1. Keep in touch with your existing customers. Not by a single, systematic process, but according to their individual needs and desires. After all, you got to know them, didn't you? Keep up the relationship. Combine this relationship building with the simple process of asking for referrals (every year) to generate growth.

2. Prospect, whether at a low or moderate level, continuously. This does not mean being a pest at parties. This means that you discipline yourself to identify five accounts every week that you do not know and would like to insure (assuming you have markets). Regardless of how successful and busy you are, continue to prospect.

3. Make your own telephone calls. I know this flies in the face of the recent telemarketing revolution, but successful salespeople either enjoy, don’t mind or learn to live with cold calling. Telemarketing works for commodity products in commodity industries. However sales made through telemarketing often lack the relationship building that cements you to a customer. So we continue to use telemarketing for products that don't need producer intervention. But we train the producers we encounter how to make calls and get through to decision makers at commercial accounts.

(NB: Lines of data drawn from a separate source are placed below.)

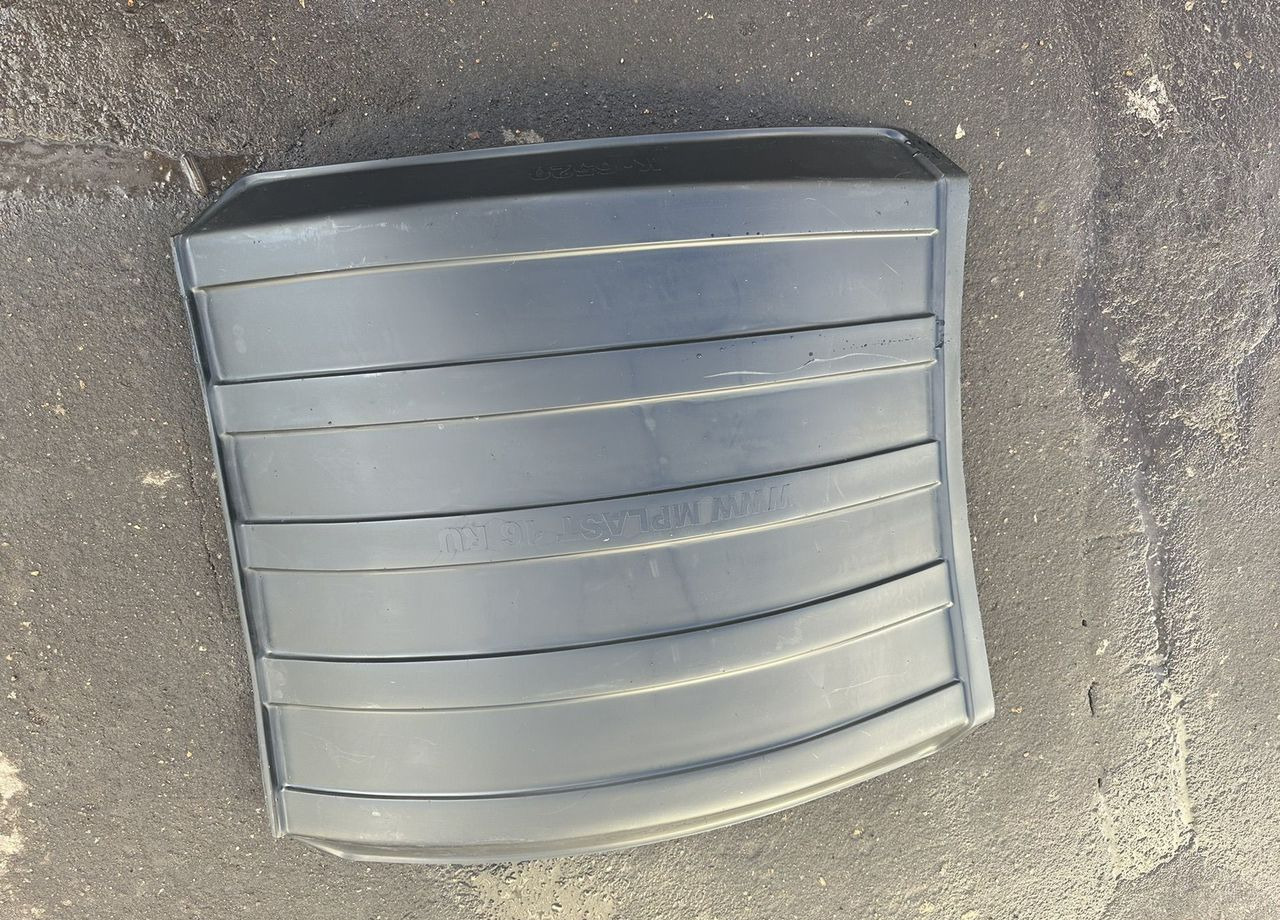 KAMAZ Крыло 1/3 часть К-650 двускатное (к-т 2.шт) - Крыло для Грузовиков: фото 2 KAMAZ Крыло 1/3 часть К-650 двускатное (к-т 2.шт) - Крыло для Грузовиков: фото 2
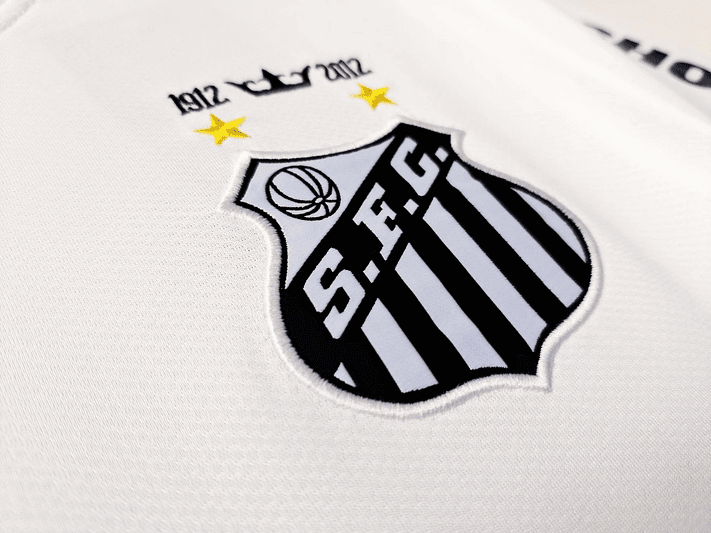 Santos 2013 (Home Kit) 4
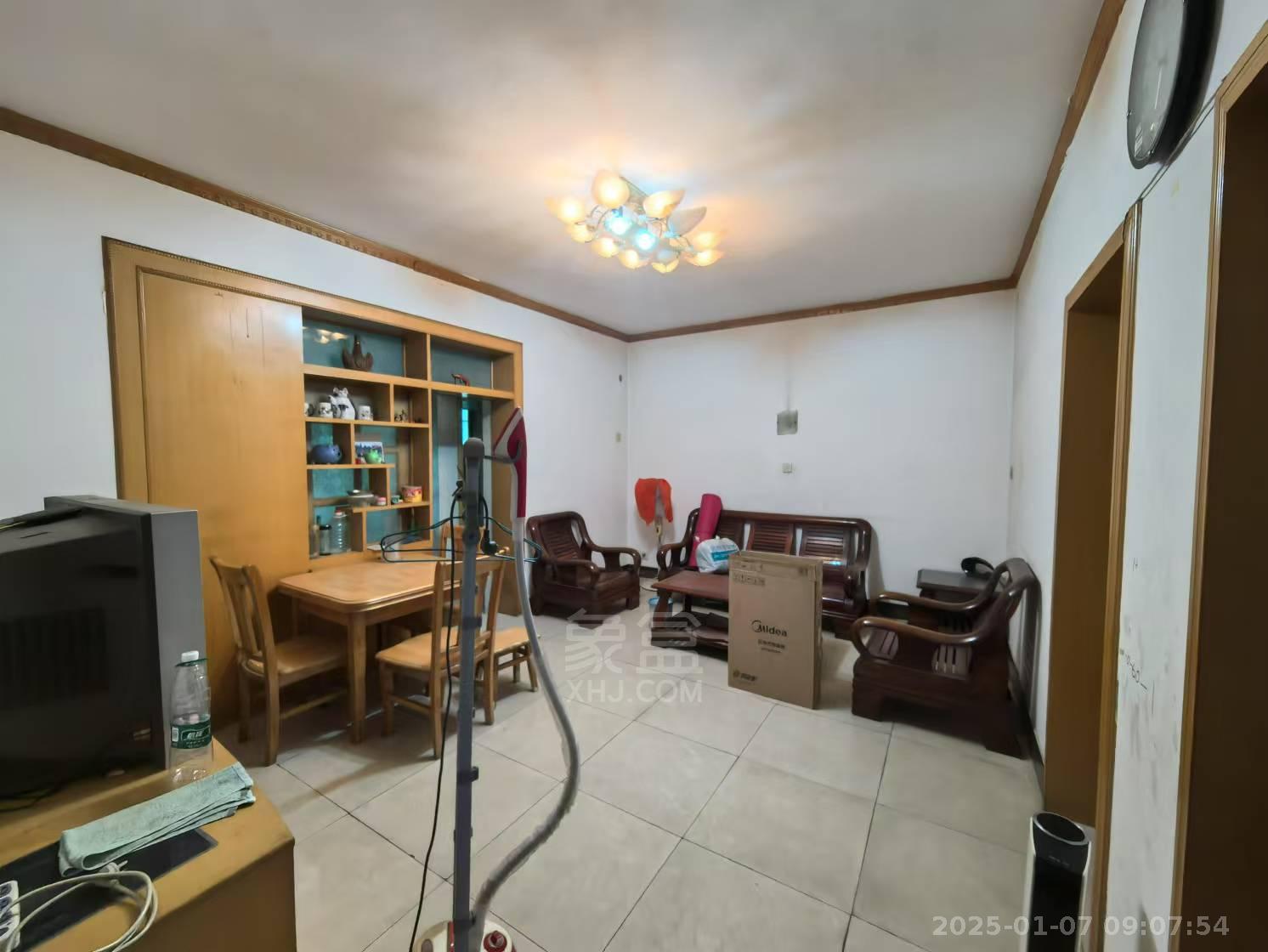 东方工具厂 2室1厅1卫 700.0元/月 东方工具厂 2室1厅1卫 700.0元/月室内图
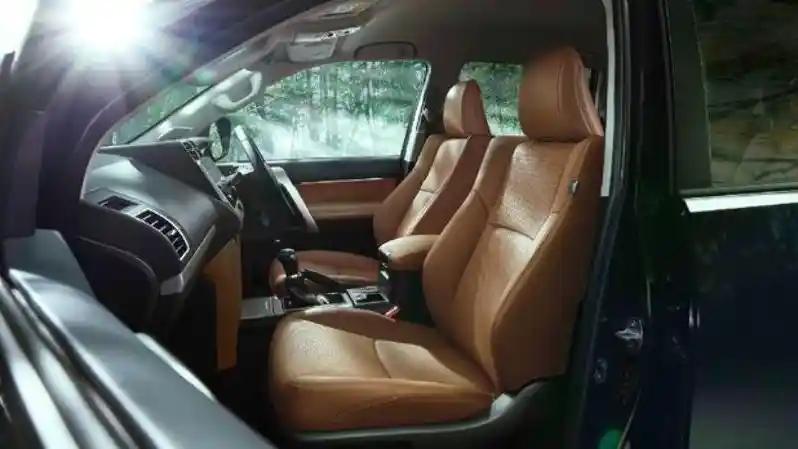 Foto - Toyota Rilis Edisi Spesial Land Cruiser Prado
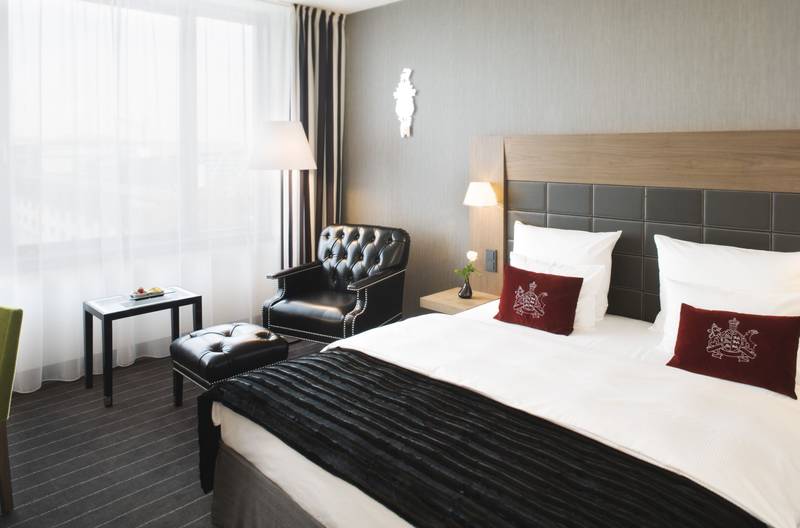 Mövenpick Stuttgart Airport Park Sleep & Fly www.hotelspecials.de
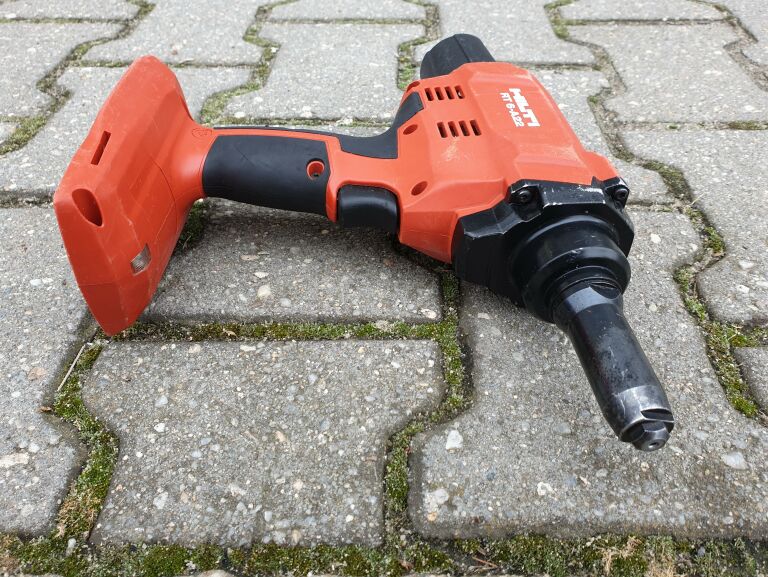 NITOWNICA HILTI RT 6-A22 STAN BDB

Think about it. If a telemarketer is lucky enough to get through to a commercial account’s decision maker, and if the decision maker expresses a need, the telemarketer is not capable of answering any questions or fulfilling the need aside from setting an appointment for a producer. And these decision makers are very busy. Even if they are interested in analyzing their insurance, many feel that they are of a stature that the agent should be the person who contacts them, not some telemarketer.